Consumer Safeguards for Reverse Mortgage Borrowers

There’s always a large concern for the safety of the elderly in business and lending situations. Scam artists often prey on older people in an attempt to defraud them of their money. In the case of reverse mortgages, the concern of exploiting the elderly can be of great concern to borrowers, their children, or their caregivers.

Reverse mortgages today were created with many features to protect seniors from unscrupulous lenders who want to defraud or prey on seniors. In many cases, seniors aren’t aware that they have numerous rights and protections in lending and borrowing. Today many consumer safeguards are in place to regulate the reverse mortgage industry and protect the interests of senior citizens and their families, including:

Counseling services: All prospective borrowers must meet with an independent counselor before they are able to apply for a reverse mortgage. These counselors are overseen by the Department of Housing and Urban Development (HUD). Counseling sessions are designed to:
o inform borrowers of their rights and responsibilities
o outline the alternatives to reverse equity mortgages
o offer financial guidance to prospective borrowers
Interest rates: With federally insured reverse mortgages like FHA HECM, the borrower often has a choice of interest rates. Some choose a fixed interest rate that never changes. Others choose an adjustable rate that can change monthly or yearly, depending on the terms of the mortgage and the current interest rate. In a conventional reverse equity mortgage, an adjustable rate is most common and is usually based on a standard bank rate plus an additional amount (variance) charged by the lender.
Fees: As with any mortgage, reverse mortgage fees are paid to the lender as part of the terms of the mortgage. These fees can be financed using funds from the mortgage if the borrower doesn’t have the money available to pay those fees outright.
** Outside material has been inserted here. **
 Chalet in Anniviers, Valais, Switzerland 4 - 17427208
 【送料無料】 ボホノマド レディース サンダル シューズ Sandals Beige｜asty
Regulations cap those fees at a maximum limit, in order to prevent unscrupulous lenders from charging outrageous fees to borrowers.
Disclosure: Borrowers who borrow under the federally insured FHA HECM program are required to receive a disclosure about the Total Annual Loan Cost, known as TALC. This disclosure shows borrowers the transaction costs for the life of the loan and lets borrowers know every cost they’ll incur as part of the reverse mortgage.
Maturity: A reverse mortgage loan will never become due during the lifetime of the homeowner or homeowners. As long as one homeowner continues to live in that home as the primary residence, the homeowners aren’t obligated to repay any part of the loan balance.
Amount due: These loans offer protections for borrowers because these mortgages are “non-recourse.” This means that borrowers will never owe more than the value of the home, even if the loan balance ultimately exceeds the appraised value of the home.